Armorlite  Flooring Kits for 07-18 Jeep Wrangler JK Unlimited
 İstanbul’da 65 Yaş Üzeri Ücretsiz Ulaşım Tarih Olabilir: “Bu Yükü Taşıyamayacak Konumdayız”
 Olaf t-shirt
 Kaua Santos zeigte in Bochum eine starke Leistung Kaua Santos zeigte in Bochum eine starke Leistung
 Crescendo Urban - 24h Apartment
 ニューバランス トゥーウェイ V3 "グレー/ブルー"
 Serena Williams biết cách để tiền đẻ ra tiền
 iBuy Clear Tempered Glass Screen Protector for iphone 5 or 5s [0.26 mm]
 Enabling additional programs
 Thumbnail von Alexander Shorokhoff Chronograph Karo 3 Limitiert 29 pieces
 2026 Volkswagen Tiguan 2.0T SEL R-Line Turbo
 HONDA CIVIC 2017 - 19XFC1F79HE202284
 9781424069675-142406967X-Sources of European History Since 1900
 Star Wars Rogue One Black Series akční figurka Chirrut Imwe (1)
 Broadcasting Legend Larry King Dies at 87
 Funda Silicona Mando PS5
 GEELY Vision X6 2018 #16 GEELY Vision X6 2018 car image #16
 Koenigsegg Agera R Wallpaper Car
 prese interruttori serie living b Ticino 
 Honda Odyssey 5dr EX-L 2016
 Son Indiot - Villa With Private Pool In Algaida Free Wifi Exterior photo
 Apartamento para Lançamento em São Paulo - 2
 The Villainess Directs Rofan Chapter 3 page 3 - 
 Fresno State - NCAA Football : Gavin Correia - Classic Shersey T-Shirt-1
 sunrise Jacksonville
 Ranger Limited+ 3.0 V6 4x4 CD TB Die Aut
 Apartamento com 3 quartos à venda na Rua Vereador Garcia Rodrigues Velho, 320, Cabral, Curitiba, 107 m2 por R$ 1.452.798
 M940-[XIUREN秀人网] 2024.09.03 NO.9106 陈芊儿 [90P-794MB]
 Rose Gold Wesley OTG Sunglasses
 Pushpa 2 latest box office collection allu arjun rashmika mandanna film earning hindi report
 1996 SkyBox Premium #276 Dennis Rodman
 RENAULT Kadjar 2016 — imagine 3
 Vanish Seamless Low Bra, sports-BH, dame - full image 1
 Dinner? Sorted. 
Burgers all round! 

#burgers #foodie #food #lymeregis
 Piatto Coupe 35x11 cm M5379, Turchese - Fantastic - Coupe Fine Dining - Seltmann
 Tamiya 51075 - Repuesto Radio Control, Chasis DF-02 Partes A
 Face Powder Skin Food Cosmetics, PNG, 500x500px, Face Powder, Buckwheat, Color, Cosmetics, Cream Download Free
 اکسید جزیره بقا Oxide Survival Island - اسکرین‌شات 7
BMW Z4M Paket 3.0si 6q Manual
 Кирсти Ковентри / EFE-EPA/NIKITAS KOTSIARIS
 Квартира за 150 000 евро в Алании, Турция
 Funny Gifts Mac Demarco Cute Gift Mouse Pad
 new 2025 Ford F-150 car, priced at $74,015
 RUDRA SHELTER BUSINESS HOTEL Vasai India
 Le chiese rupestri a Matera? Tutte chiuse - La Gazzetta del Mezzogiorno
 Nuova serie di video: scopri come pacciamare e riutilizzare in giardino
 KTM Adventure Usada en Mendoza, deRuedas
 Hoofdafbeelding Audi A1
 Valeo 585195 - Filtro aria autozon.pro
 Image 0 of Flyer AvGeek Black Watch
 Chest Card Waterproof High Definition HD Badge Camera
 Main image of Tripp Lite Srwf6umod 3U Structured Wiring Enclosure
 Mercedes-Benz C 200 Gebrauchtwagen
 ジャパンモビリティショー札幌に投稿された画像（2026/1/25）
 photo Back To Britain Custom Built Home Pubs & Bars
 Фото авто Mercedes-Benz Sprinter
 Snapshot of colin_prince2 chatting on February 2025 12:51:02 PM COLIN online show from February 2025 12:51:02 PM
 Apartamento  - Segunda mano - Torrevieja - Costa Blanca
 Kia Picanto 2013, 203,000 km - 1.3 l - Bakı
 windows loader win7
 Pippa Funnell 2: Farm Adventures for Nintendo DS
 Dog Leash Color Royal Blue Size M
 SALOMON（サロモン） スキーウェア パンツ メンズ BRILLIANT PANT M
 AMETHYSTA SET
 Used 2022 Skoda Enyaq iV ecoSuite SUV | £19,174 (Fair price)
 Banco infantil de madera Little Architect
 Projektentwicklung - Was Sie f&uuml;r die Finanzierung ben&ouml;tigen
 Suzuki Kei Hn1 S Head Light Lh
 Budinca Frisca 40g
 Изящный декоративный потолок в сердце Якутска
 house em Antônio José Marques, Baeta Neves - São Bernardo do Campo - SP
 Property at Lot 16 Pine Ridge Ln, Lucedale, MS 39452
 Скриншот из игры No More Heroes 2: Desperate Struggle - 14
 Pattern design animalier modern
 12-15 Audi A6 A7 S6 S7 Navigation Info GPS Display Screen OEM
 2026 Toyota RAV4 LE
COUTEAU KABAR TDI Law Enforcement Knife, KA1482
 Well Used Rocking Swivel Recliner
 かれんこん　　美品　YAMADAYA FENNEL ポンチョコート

* * *

__Activity__.
When the line with "ニューバランス トゥーウェイ V3" is reached in the data above, begin copying, and stop after the line with "Koenigsegg Agera R Wallpaper Car"; copy each line exactly, both ends included.

__Task solution__.
 ニューバランス トゥーウェイ V3 "グレー/ブルー"
 Serena Williams biết cách để tiền đẻ ra tiền
 iBuy Clear Tempered Glass Screen Protector for iphone 5 or 5s [0.26 mm]
 Enabling additional programs
 Thumbnail von Alexander Shorokhoff Chronograph Karo 3 Limitiert 29 pieces
 2026 Volkswagen Tiguan 2.0T SEL R-Line Turbo
 HONDA CIVIC 2017 - 19XFC1F79HE202284
 9781424069675-142406967X-Sources of European History Since 1900
 Star Wars Rogue One Black Series akční figurka Chirrut Imwe (1)
 Broadcasting Legend Larry King Dies at 87
 Funda Silicona Mando PS5
 GEELY Vision X6 2018 #16 GEELY Vision X6 2018 car image #16
 Koenigsegg Agera R Wallpaper Car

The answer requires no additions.